Union leaders speaking on condition of anonymity told the Detroit Free Press Sept. 17 that they had rejected GM’s offer of a four-year contract with a 2% wage increase in the first and third years and 2% lump-sum payments the second and fourth years. That offer, they said, would not be enough to make up for concessions the union made when the company was facing bankruptcy during the Great Recession, nor offset its proposed increases to workers’ health-care costs. GM, which spends about $1 billion a year on health coverage, would like to shift some of that cost to workers.

“We feel like we have given back and given back,” Glenn Kage, president of Local 2250 in Wentzville, Missouri, told USA Today. “We don’t want to hurt GM. We also know they’ve been making record profits.” 

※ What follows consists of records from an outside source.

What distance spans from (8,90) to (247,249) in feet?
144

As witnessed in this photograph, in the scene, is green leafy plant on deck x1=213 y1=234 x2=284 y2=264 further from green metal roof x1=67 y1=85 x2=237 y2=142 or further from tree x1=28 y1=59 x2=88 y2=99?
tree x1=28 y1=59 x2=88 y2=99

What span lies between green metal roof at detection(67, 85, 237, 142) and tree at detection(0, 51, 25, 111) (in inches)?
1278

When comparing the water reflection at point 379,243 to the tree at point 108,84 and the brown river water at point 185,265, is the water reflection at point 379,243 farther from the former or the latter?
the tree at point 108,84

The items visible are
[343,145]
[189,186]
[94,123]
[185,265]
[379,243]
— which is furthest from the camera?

The company made $10.8 billion in profits in North America in 2018, according to the UAW—more than any other auto manufacturer, and more than the “Japanese Three” of Honda, Toyota, and Nissan combined—while CEO Mary Barra was paid about $22 million. Yet it has laid off thousands of workers and begun closing four U.S. factories, including the assembly plants in Lordstown, Ohio, and Hamtramck, Michigan.

GM’s use of temporary workers is another issue, along with phasing out the two-tier contract the UAW agreed to in 2009. “Legacy workers” on the job in 2007 make $28 to $33 an hour, while “in progression” workers hired since then start at $17 and reach $28 after eight years. Temps make about $15.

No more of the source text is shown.